We started the last morning of the training programme with presentations of our project. As I mentioned before, we’ve been looking at the Internet Archive (IA) as a way of “preserving an institution’s digital collections that are made available on the web.”
The task then, was to examine whether the IA scored well with regards to the ‘three legs’ and ‘five stages’ I mentioned at the beginning of the week. The assumption is that a ‘trusted digital repository’ (basically, a ‘good archive’), should satisfy our requirements in the areas of resources, technology and organisational framework. We were asked to score the IA against the five stages: Acknowledge, Act, Consolidate, Institutionalise and Externalise. These basically represent five stages of maturity in a digital archive’s development.
If you haven’t spent much time on the IA’s website, it’s certainly worth doing so. It was originally the initiative of one man, Brewster Kahle, who made millions in software development in the 1990s. His foundation continues to fund around 50% of the IA’s expenses (we were given copies of the IA’s 990-PF Tax Returns for 2003 and excerpts from 1999, 2000, 2001 and 2002). In 2003, the IA had expenses of just over $3m, so Brewster’s millions are essential for the sustainability of the IA.
This was a concern for all of us since we were asked to consider how sustainable the IA appears to be. Now, admittedly, our figures are a couple of years out of date and we’ve no idea how Brewster’s foundation is set up and how sustainable that in itself is, but the donations from other companies over the years have been sporadic, project based and unpredicatable.
It’s an expensive operation to run when your mission is to collect every website in the world which is why in 2003, they spent $380,558 on disk and tape stock, $79,358 on misc. hardware and $27,002 on their phone/network charges.
The IA’s technological framework scored quite low with our class, too. It’s web crawling is done by Alexa every two months, although if you look at the history of AI on the IA’s Wayback Machine, you’ll see that the results are more adhoc than that. It’s worth pointing out that the IA provides researchers with another way of accessing the archived websites, although currently this is from a command line and they are developing tools to help make this easier.
We looked at how they approach long-term preservation, in particular the way the data is documented, stored, migrated, backed up and secured. The IA stores the websites in ARC and DAT containers which are open formats and open source tools are available to work with these formats. However, the original file formats harvested from the websites are not migrated to different formats for long-term preservation so proprietary file formats harvested, remain proprietary and therefore possibly inaccessible long-term. The IA do also collect software and emulators in the hope that some kind of access will be possible in the future, even for obsolete formats. It’s all a bit hit and miss, not least because their website has no formal policy or strategy for preservation. It’s just a few paragraphs here and there which you have to draw your own conclusions from. The preservation metadata which they add to the harvested pages is minimal since it’s done by machine.
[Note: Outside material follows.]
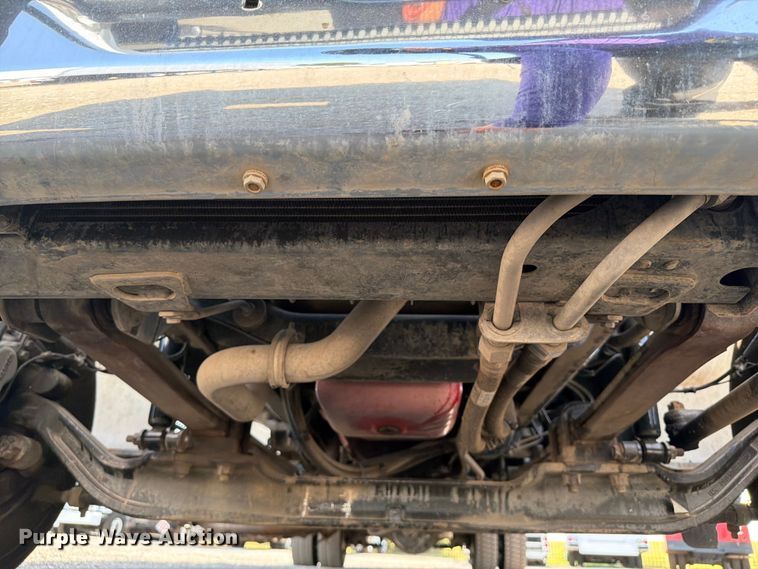 image for item FB5036 2011 Ford F-650 Super Duty utility / service truck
You can see what they add by using the Wayback Machine and then looking at the source of one of the harvested web pages.
The lack of formal, detailed policy was also a concern to the class. The IA have taken on such a huge task, but with the exception of some areas of their technological development, there’s very little to suggest that they have a strategy in place that will ensure the long-term preservation of their archive which is central to their mission. The other major organisational concern was that technically their activities are illegal or at least waiting to be challenged. Essentially, they are taking copyrighted material from owners without asking for their permission. They do say on their website that they respect robot.txt commands so that you can tell their crawler not to archive your website and they also say that if you contact them and ask them to remove your website from their archive they will do so, but this places all of the responsibility on the rights holder rather than the IA, which is contrary to the usual methods of agreeing terms and conditions before copying/taking/using owned materials.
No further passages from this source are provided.